Darkness is often seen, notably in mystical theology, as the element of purification. Since Our Lady was perfectly pure, she was not in need of purification as we are. But analogously with Our Lord, who "learned obedience through what He suffered" and "was made perfect" (Hb 5:8), she went through the darkness of trial in a perfecting process of love; not in the sense of a purgation for sin but to practise a greater love. Like Our Lord, she is given opportunities or tests to prove her love. Thus, she is troubled 'in the dark,' at the Angel's strange announcement and seeks to dispel her unknowing. She loses the 12 year old Jesus in Jerusalem and seeks Him in anxiety of mind. Even when she finds Him in the Temple, obscurity persists. As she stands at the foot of the Cross, "it was now about the sixth hour and there was darkness over the whole land until the ninth hour, while the Sun's light failed." (Lk 22:24) This material darkness she shares with Jesus; the light that shone out at creation seems to be engulfed again by chaos; the Light of the world appears to be extinguished like a lamp on a candelabra (cf Asterius). Some have seen in this darkness a new creation, as prophesied in Is 60:2. "Behold, darkness shall cover the earth and thick darkness the peoples, but the Lord shall rise upon you and his glory will be seen upon you." The Mother is present at this new creation and this new rising.

This lends her, too, an aura of mystery. She is an enigma to us. St Ephrem calls her case "beyond comprehension". In the lesson from St Epiphanius she is liber incomprehensus, book not understood. Christ, too, is compared to a book by an anonymous author, who says that it is more easily read by night than by day. We might take this to mean that the conceptual, the intellectual, has to give way before an experience of divine transcendence. Similarly, Mary's unique role as Mother of God and Mother of the Church is beyond our natural comprehension; it belongs to the order of faith and shares in the darkness of faith.

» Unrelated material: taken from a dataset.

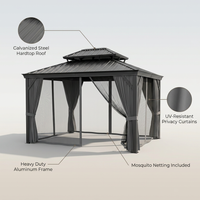 12'X14' Hardtop Gazebo, Heavy Duty Aluminum Permanent Hardtop Gazebo Outdoor Pavilion with Curtains and Netting for Garden — infographic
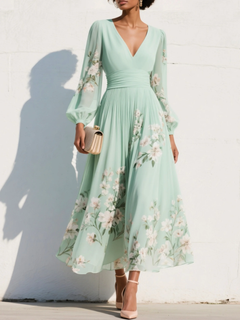 Ondine | Damen Blumenkleid Midikleid Langarm in Grün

Since we have established the credentials of darkness, we are ready to see its purpose in our own lives. Even material darkness is good, according to Cyril of Jerusalem (Cat IX).  "How often when wearied from the toil of the day, are we refreshed in the night, and he who was yesterday toilworn comes forth vigorous in the morning because of the night's rest. What is more conducive to wisdom than the night, during which we often ponder the things of God and devote ourselves to the reading and contemplation of the Sacred Scriptures? When does our mind tend more towards psalmody and prayer? Is this not at night?" St Bernard, too, while he mentions the negative aspect of darkness, has good words for it. (Saturday Week I of Advent - 1st Homily on Advent)  Just as Christ came once for all, visibly, that is in the light, "to work our salvation in the midst of the earth," so He comes daily in spirit and invisibly, to save individual souls. This spiritual advent takes place in secret, that is, in darkness. In support of this view he quotes the Prophet: "Under your shadow we shall live among the gentiles." In the quiet of our hearts, we are to rise to go and meet Him who descends toward us: "to illumine with His invisible presence the soul of every one of us." The One who has been feeding the angels "with the vision of his own eternity and immutability has taken us and he will heal us," even while we walk in darkness.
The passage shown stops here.